======== Source material

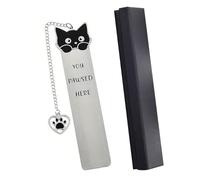 1 Cat Bookmark and 1 Packaging Box, Stainless Steel Bookmark, Creative Engraving Bookmark, Cute Bookmark, Reading Accessories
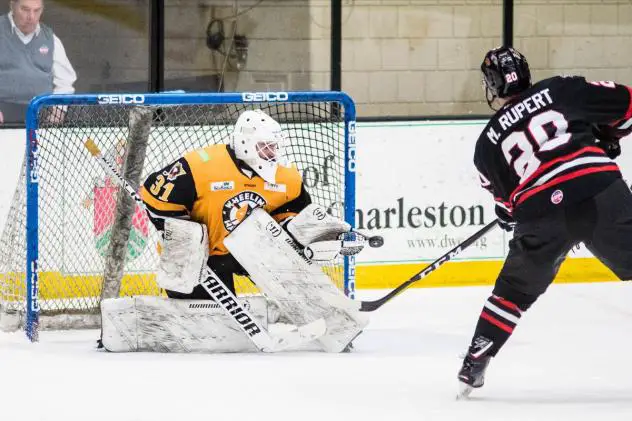 Wheeling Nailers goaltender Jordan Ruby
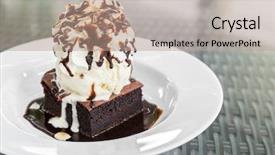  Presentation with ice cream cake - PPT theme having cake brownies - chocolate brownie with ice cream background and a coral colored foreground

================

Assignment
Omit the pictures, then print the rest of the listing above exactly.

Answer to this task
 1 Cat Bookmark and 1 Packaging Box, Stainless Steel Bookmark, Creative Engraving Bookmark, Cute Bookmark, Reading Accessories
 Wheeling Nailers goaltender Jordan Ruby
  Presentation with ice cream cake - PPT theme having cake brownies - chocolate brownie with ice cream background and a coral colored foreground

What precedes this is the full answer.